Why $150 Million in Crypto Assets Were Frozen in the Philippines

The Philippines froze $150 million in cryptocurrency assets in 2025 - not because of a hack, not because of a scam, but because the government finally said: no more unlicensed exchanges.

What Exactly Got Frozen?

The money wasn’t stolen. It wasn’t hidden in offshore wallets. It was sitting in accounts on 20 crypto platforms that never asked for permission to operate in the Philippines. These weren’t shady offshore shells - many were local-facing platforms with thousands of Filipino users. They accepted pesos, offered peso withdrawals, ran ads on Facebook, and even had customer service teams in Manila. But they never registered with the Securities and Exchange Commission (SEC), which in January 2025 made it clear: if you’re offering crypto services as a business in the Philippines, you need a license.
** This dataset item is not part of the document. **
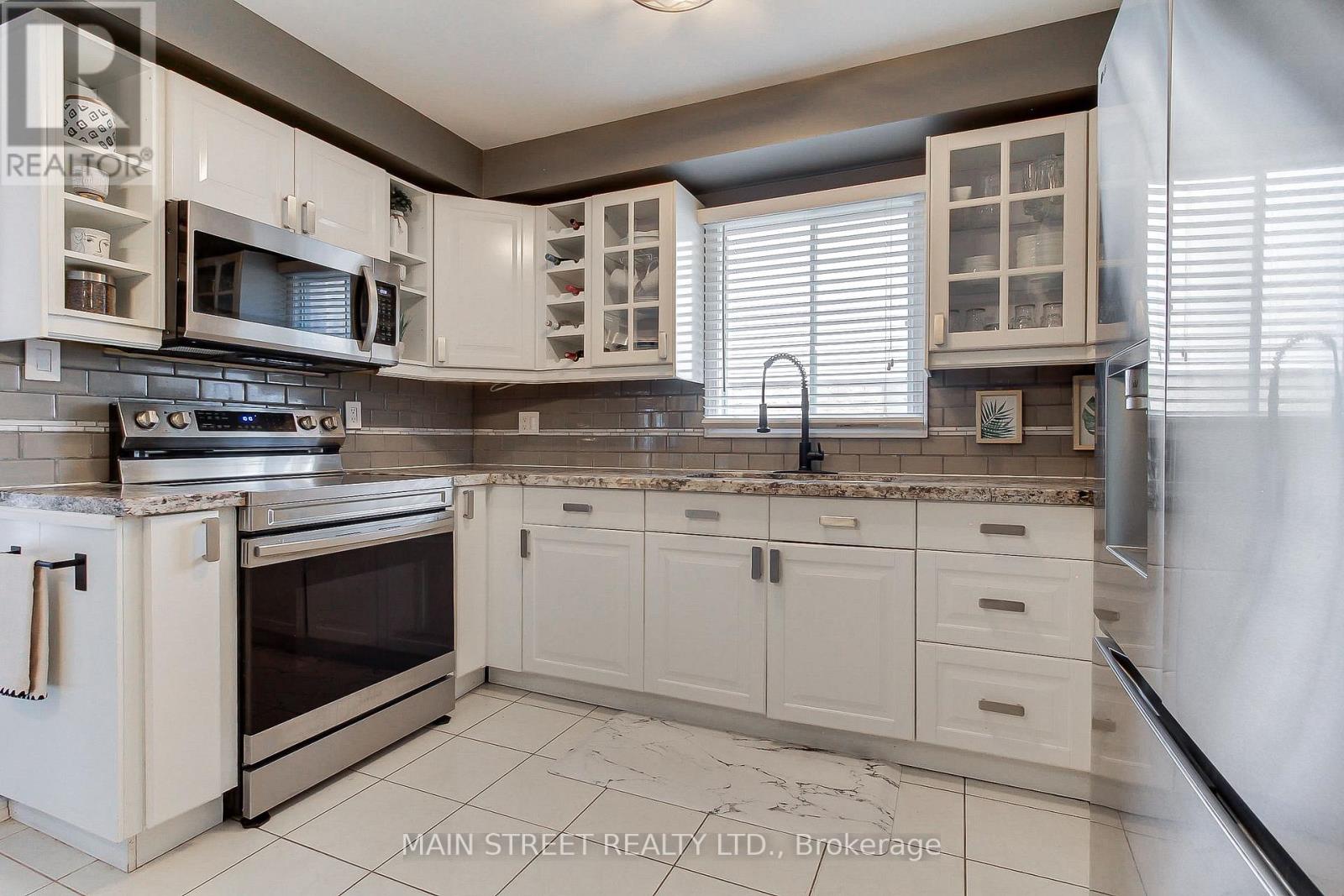 109 Bishop Drive, Barrie (Ardagh), Ontario  L4N 7P4 - Photo 33 - S13684334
The $150 million was mostly stablecoins - USDT and USDC - making up 68% of the total. Bitcoin accounted for 22%, and smaller altcoins made up the rest. These funds were spread across Ethereum (45%), Binance Smart Chain (30%), and Tron (15%). The SEC didn’t just shut down websites. They worked with internet providers to block access, froze wallet addresses on-chain, and prevented any withdrawals or transfers.

Why Now? The Three-Year Wait

This wasn’t sudden. For three years, the Bangko Sentral ng Pilipinas (BSP) had put a hold on issuing new licenses to crypto exchanges. That moratorium, announced in September 2022, was meant to give regulators time to catch up. But while the BSP waited, crypto adoption exploded. By early 2025, Filipinos had invested over ₱6 trillion - roughly $107 billion - in digital assets. Coins.ph alone had over 20 million users. Most people didn’t know the difference between a licensed and unlicensed platform. They just wanted to buy Bitcoin with their mobile load or send money to family overseas faster than banks allowed.

The SEC stepped in because the gray zone was getting dangerous. In the first half of 2025 alone, global crypto crime hit $2.17 billion in losses, according to Chainalysis. The Philippines, ranked 8th in global crypto adoption, was becoming a target. Scammers used unlicensed platforms to launder money. Others ran fake yield farms. Some simply disappeared with user funds. The SEC saw the writing on the wall: if they didn’t act, the damage would be far worse.

Who Got Hurt?

The freeze didn’t just hit the exchanges. It hit ordinary people. A Reddit thread titled “My $15k frozen in Bitget PH - What now?” had over 1,200 upvotes and nearly 400 comments. Users described panic. Some had saved for years. Others used crypto to pay rent. One man in Cebu lost his life savings - $22,000 - because he trusted a platform that looked legit. He didn’t know it wasn’t registered. He just saw it had a local phone number and a Facebook page with 50,000 followers.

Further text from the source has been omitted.